|Judgments - Regina v Secretary of State For The Home Department, Ex Parte Zeqiri
36. After the judgement of Collins J the Home Office formed the view that although he had not expressly decided anything about pre-25 March 1999 certifications, the principle of the case should apply equally to them. This meant that the appeal in the Besnik Gashi case had little if any practical significance for any of the applicants in the same situation. They could all be re-certified. The Secretary of State therefore petitioned the House of Lords for leave to withdraw his appeal. On 26 October 2000 it was by leave withdrawn. On 2 November 2000 the Secretary of State wrote to the present respondent Mr Zeqiri. He referred to the judgment of Collins J and quoted the declarations which had in principle been approved and said:
37. Mr Zeqiri amended his application for judicial review to include a challenge to the decision of 2 November 2000. The application came before Moses J and was dismissed on 15 December 2000. On 12 March 2001 the Court of Appeal (Lord Phillips of Worth Matravers MR, Kennedy and Dyson LJJ) allowed Mr Zequiri's appeal and quashed the decision of 2 November. The grounds were, first, that Mr Zequiri had a legitimate expectation that unless the Secretary of State was successful in his appeal in the Besnik Gashi case, he and all other applicants whose cases had been adjourned pending the Besnik Gashi decision would receive substantive consideration of their asylum claims, and secondly that it was unfair of the Secretary of State, having left Mr Zeqiri in a state of uncertainty while he waited for the Besnik Gashi appeal to be heard, to remove him to Germany on other grounds. This would deprive him of what he regarded as the advantage of having his claim determined in the United Kingdom rather than Germany. Against that decision the Secretary of State appeals to your Lordships' House.

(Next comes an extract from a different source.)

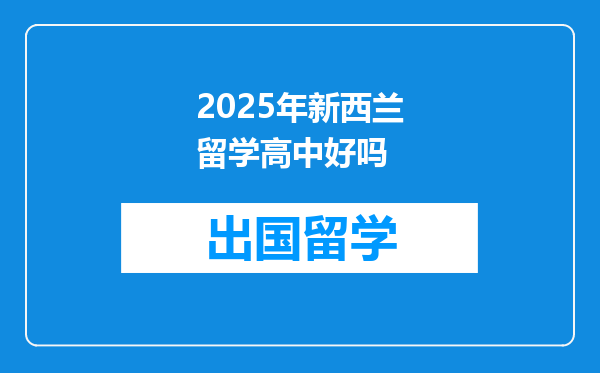 2025年新西兰留学高中好吗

38. My Lords, I think that the first step is to consider whether the Secretary of State's letter of 2 November 2000 purported to be a certificate within the meaning of section 2(1) of the 1996 Act. The difficulty arises from the fact that the Secretary of State said that he was entitled to "review his certificate" and that he was satisfied that "he may properly maintain his certificate". This looks as if he was not issuing a new certificate but seeking to revive one which, as a result of the application of the unappealed decision in the Besnik Gashi case, had been held unlawful and void. So it was submitted that the Secretary of State's letter was ineffective. It did not purport to be a new certificate and could not resurrect the old one.

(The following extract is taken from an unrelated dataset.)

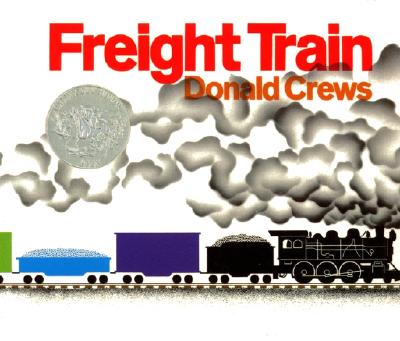 Freight Train Big Book: A Caldecott Honor Award Winner Cover Image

39. Moses J rejected this argument and Lord Phillips MR, at paragraph 47, said that it was "purely a matter of form". I agree. The statute requires the Secretary of State to address the position at the time when he is giving the certificate: he must certify that in his opinion the subsection (2) conditions "are fulfilled" and condition (c) is that the German government "would not" send the applicant to another country otherwise than in accordance with the Convention. The letter says that he has "taken into account the present situation" and in my opinion the important passage, in which he addresses the applicant's situation, is paragraph 6:
He does not use the word "certify" and I agree with Lord Phillips MR that the use of the words "review" and "maintain" in relation to the earlier certificate were inappropriate. But on a fair reading of the letter it seems to me inescapable that the Secretary of State is saying that in the circumstances as they then exist, the subsection (2) conditions are in his opinion satisfied. The letter should therefore be treated as a certificate as of the date it was written.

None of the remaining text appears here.